Fue
en una de estas conversaciones de ascensor, en las que el tópico florece
espontáneamente como defensa frente a un silencio incómodo. Esta vez no
hablábamos del tiempo sino de otro de esos temas que, desgraciadamente, en
nuestro país y en nuestro tiempo se han convertido en recurrentes. Una especie de
ruido de fondo que no nos molestamos en escuchar porque todo es consabido. Ni
siquiera es ya motivo de discusión pues, sea cual sea el color político del
hablante y de los oyentes, el acuerdo es unánime: todos los políticos son
iguales. Todos son igualmente corruptibles y corruptos. Nadie se atreve a
discutirlo, a matizar, no vaya a ser tenido por cómplice o por ingenuo. Es lo
que tienen los estereotipos, esos falsos atajos que pretenden simplificar lo
complejo de la realidad.
La
vecina del cuarto, una mujer mayor que había pasado toda la vida en el pueblo y
que tras la jubilación de su marido pastor había decidido pasar sus últimos
años al abrigo confortable de un piso en la ciudad, permanecía callada, sin
participar en el intercambio de trivialidades, como si el asunto no fuera con
ella. Finalmente, a punto de llegar a su destino, sentenció: "¡Qué
ladronicio!".
Ese
profesor academicista, cultista y estirado que llevo dentro la miró con
condescendencia, a punto de corregirla: "Se dice latrocinio, señora.

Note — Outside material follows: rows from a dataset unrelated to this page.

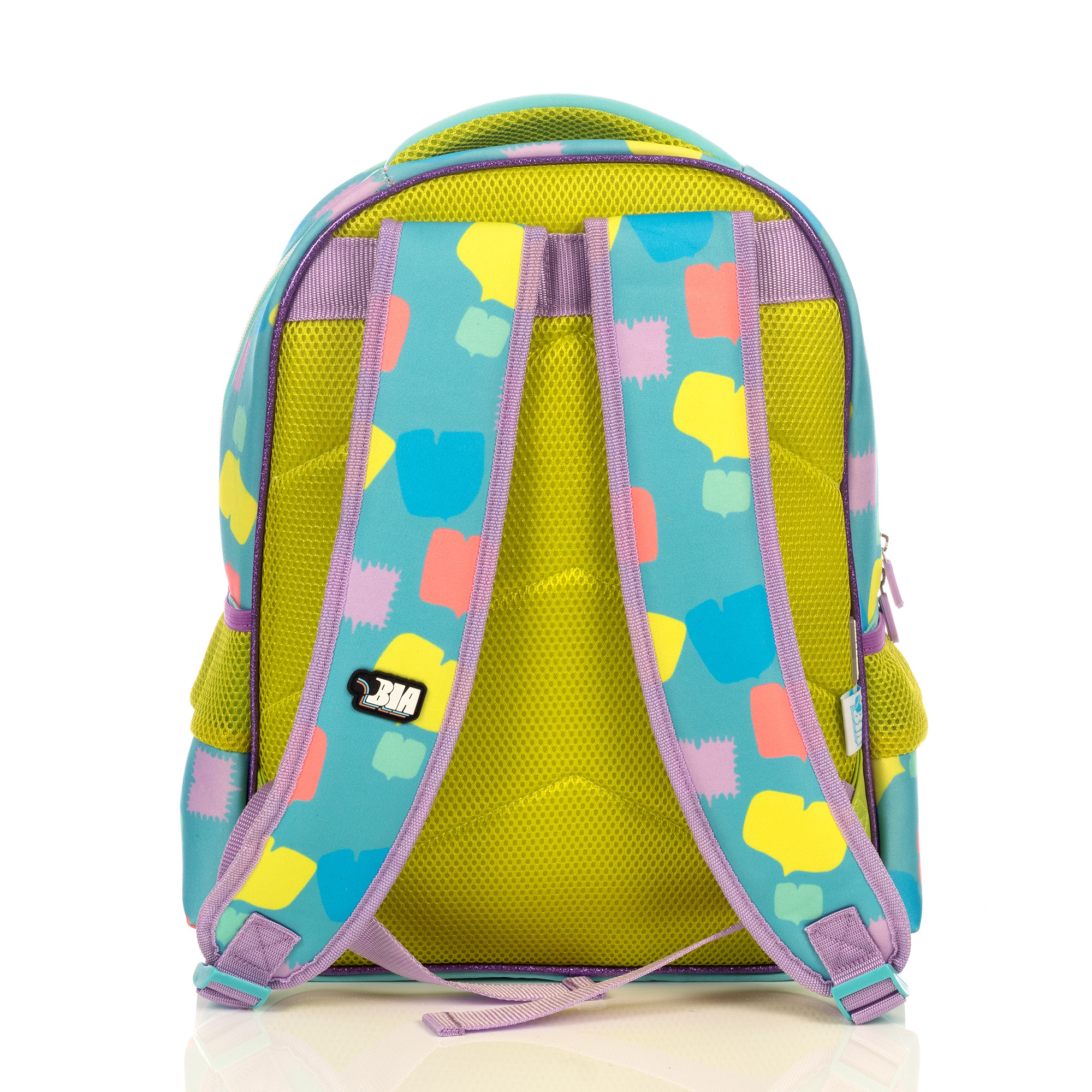 Mochila Bia Original The Best Meme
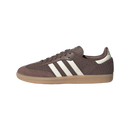 adidas Samba OG Earth Strata Wonder White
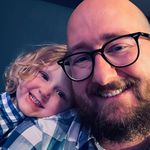 Warren Doyle - @wdoyle2 - Instagram
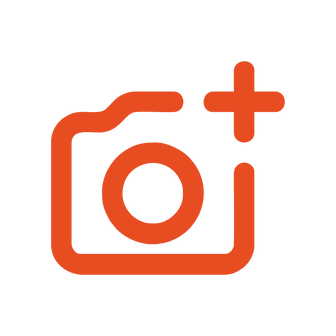 Фото на документы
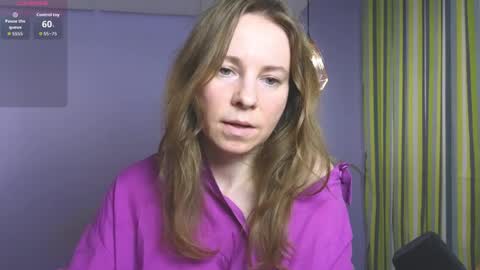 janepearl online show from March 18, 11:52 pm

La-tro-ci-nio." Afortunadamente, ese muchacho de pueblo que también llevo
dentro y que me hace respetar el habla de los nativos de un mundo en el que las
palabras realmente importaban más allá de su corrección convencional, me hizo
morderme la lengua.
Ladronicio:
masticando lentamente la palabra -como debe hacerse con cualquier palabra nueva
antes de que la costumbre la desustancie- extraemos ese jugo de lo auténtico, la
reciedumbre significativa de lo que está próximo al origen. En este caso, dos
sílabas iniciales que no dejan lugar a dudas de su parentesco con 'ladrón' y
ese eco final que rima con 'estropicio'
o 'fornicio'.
Nada
más llegar a casa consulté el diccionario. He de decir que el muchacho del
pueblo se alegró infinitamente y que el profesor no lamentó en exceso la
rotunda lección que acababa de recibir. En la página 1342, columna izquierda,
casi al final, aparecía recogida la palabra que una mujer de escasos estudios
había rescatado del acervo profundo del idioma.
Desde
entonces, cada vez que viene a colación -y para nuestra vergüenza sucede con
demasiada frecuencia- susurro, satisfecho, entre dientes: "¡Qué
ladronicio!". Y espero a que algún pedante de oído fino me corrija.